Afrique: Gestion exemplaire de la Covid-19 dans le monde - La Chine montre la voie

La seconde vague de la pandémie de Covid19 est en train de toucher de plein fouet le monde entier, obligeant les Etats à multiplier les réponses politiques et autres mesures restrictives. Mais, la situation ne semble pas être la même partout, surtout en Chine où la deuxième vague est quasi inexistante dans ce pays asiatique. Un pays d'où serait partie la première vague.

L'épidémie du Covid-19 a démarré sur le territoire chinois, en fin 2019. Frappée d'une façon subite, la Chine a alors réagi très fortement : mise en quarantaine stricte des zones gravement touchées avec interdiction totale de sortir du domicile (durant 76 jours à Wuhan, le berceau de l'épidémie), fermeture des entreprises, interdiction stricte de déplacements entre les villes et les provinces, contrôles quotidiens de la température corporelle, etc.

Cette réponse radicale représentait un pari : celui de tout mettre en œuvre pour endiguer cette épidémie, quitte à sacrifier momentanément le développement économique du pays, afin de ne pas en souffrir à long terme.

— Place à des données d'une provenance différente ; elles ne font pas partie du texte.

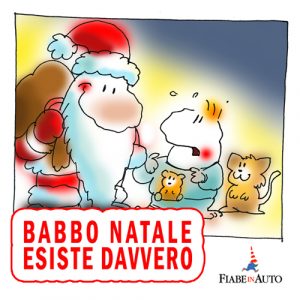 Babbo Natale esiste davvero Babbo Natale esiste davvero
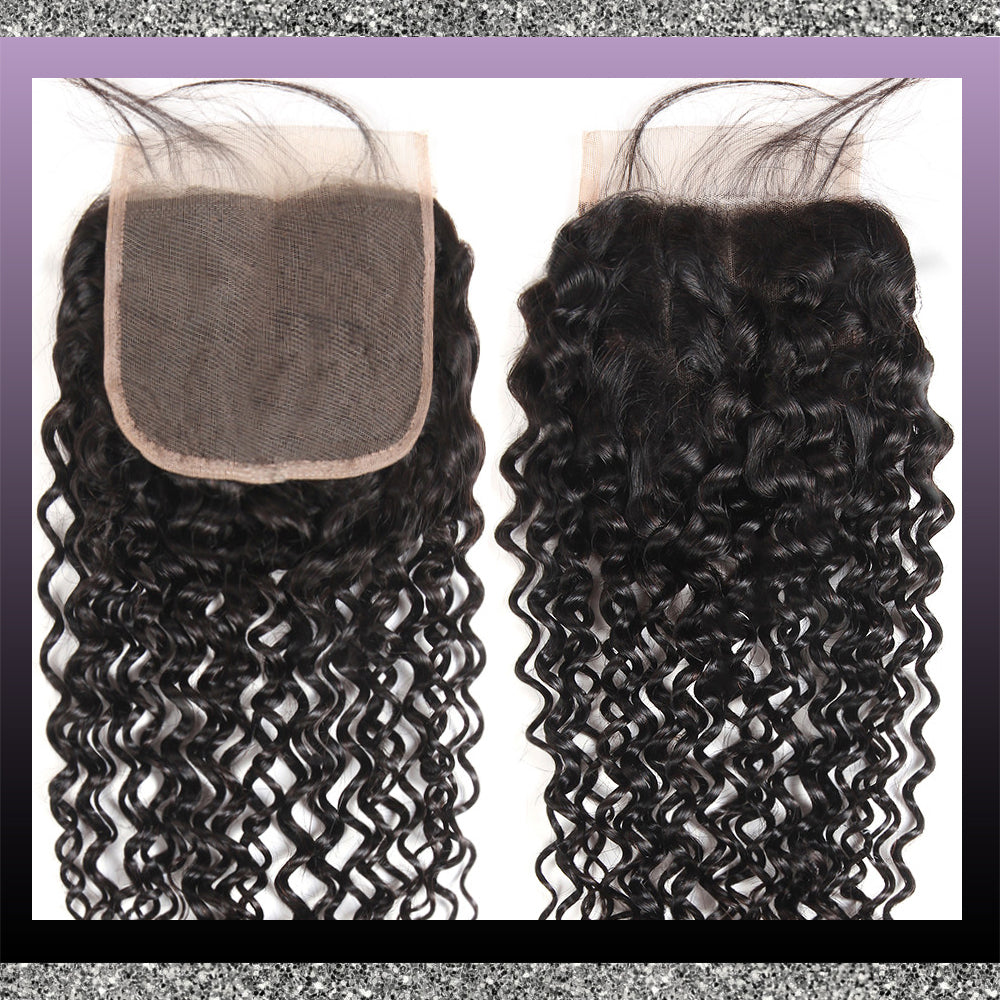 Platinum 5A Virgin Brazilian 5x5 Lace Closures HD
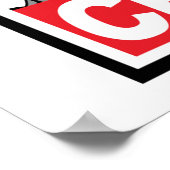 Chill Buddha Poster (Hoek)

Au-delà de cette réponse politique radicale, le gouvernement chinois était confronté à deux défis majeurs : une maladie inconnue qui menaçait de décimer sa population et une vague de voix en ligne qui racontait au monde ce qui se passait. Mais fin 2020, un coup d'œil sur les médias contrôlés par l'État chinois montre que les deux semblent être sous contrôle.

En effet, dans une tribune de la BBC, deux journalistes de la chaine Britannique, Kerry Allen et Zhaoyin Feng, sont revenus sur les censeurs digitaux du gouvernement du pays qui ont travaillé plus dur que jamais pour réprimer les informations négatives, sur les citoyens qui ont réussi à franchir la grande muraille de feu et sur la façon dont la machine de propagande a réécrit l'histoire. Ils racontent qu'au début de l'année 2020, des milliers de messages d'indignation publique sont apparus sur les médias sociaux chinois, demandant si les gouvernements locaux couvraient un autre virus de type Sars-.

Alors que les censeurs du gouvernement coupent régulièrement les messages antigouvernementaux sur des plateformes comme SinaWeibo, ils étaient d'un tel volume que beaucoup sont restés visibles. Plus tard, lorsque Pékin a mis en place une stratégie de propagande, ces informations ont été étouffées.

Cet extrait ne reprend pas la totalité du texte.